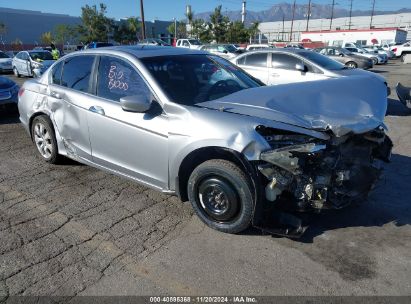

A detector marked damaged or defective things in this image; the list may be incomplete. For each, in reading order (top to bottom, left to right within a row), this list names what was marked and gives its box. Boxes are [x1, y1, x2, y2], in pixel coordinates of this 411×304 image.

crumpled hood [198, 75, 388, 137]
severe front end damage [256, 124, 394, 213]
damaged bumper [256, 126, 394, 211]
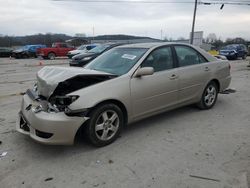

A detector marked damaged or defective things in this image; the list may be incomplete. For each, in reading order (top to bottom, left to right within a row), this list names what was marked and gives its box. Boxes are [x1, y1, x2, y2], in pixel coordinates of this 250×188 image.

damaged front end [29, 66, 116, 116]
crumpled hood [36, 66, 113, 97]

EXERCISE OBJECTIVE: Print, exactly and only, the lines running from the one with "this 250×188 image." to the end of the data above.

TASK SOLUTION:
A detector marked damaged or defective things in this image; the list may be incomplete. For each, in reading order (top to bottom, left to right within a row), this list names what was marked and gives its box. Boxes are [x1, y1, x2, y2], in pixel coordinates of this 250×188 image.

damaged front end [29, 66, 116, 116]
crumpled hood [36, 66, 113, 97]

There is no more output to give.